## Supplied information
=-=-=-=-=
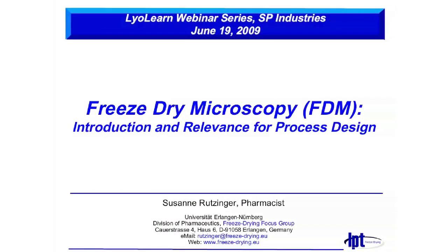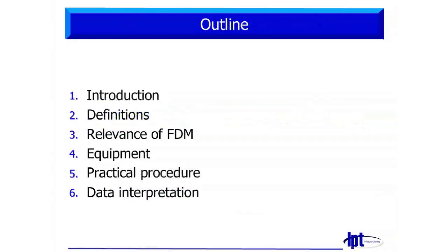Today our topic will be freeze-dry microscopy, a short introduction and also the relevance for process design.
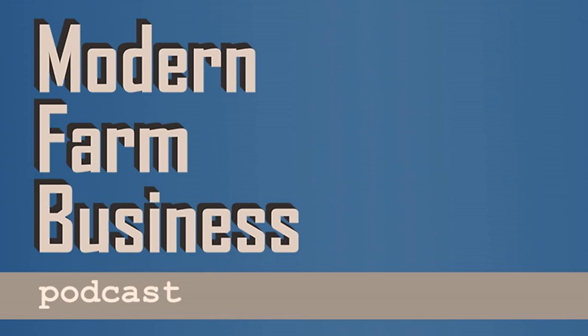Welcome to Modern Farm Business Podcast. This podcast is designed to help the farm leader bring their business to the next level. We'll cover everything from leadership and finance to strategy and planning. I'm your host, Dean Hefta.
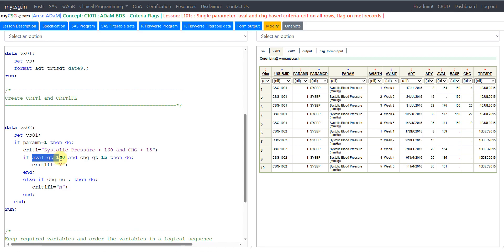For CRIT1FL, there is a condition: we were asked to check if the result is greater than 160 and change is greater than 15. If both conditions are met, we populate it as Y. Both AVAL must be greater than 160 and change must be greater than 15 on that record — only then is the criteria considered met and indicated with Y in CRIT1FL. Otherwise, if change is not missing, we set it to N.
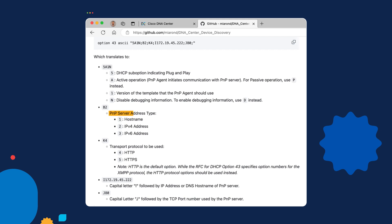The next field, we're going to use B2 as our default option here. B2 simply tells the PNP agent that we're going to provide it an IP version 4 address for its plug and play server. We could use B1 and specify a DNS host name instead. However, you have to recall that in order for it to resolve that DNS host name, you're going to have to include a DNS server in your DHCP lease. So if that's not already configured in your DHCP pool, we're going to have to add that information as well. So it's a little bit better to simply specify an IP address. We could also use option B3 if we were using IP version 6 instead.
=-=-=-=-=
## The task
Return, unchanged, the lines from the first line of the material through the line that holds "For CRIT1FL, there", inclusive, omitting pictures.

## Output
Today our topic will be freeze-dry microscopy, a short introduction and also the relevance for process design.
Welcome to Modern Farm Business Podcast. This podcast is designed to help the farm leader bring their business to the next level. We'll cover everything from leadership and finance to strategy and planning. I'm your host, Dean Hefta.
For CRIT1FL, there is a condition: we were asked to check if the result is greater than 160 and change is greater than 15. If both conditions are met, we populate it as Y. Both AVAL must be greater than 160 and change must be greater than 15 on that record — only then is the criteria considered met and indicated with Y in CRIT1FL. Otherwise, if change is not missing, we set it to N.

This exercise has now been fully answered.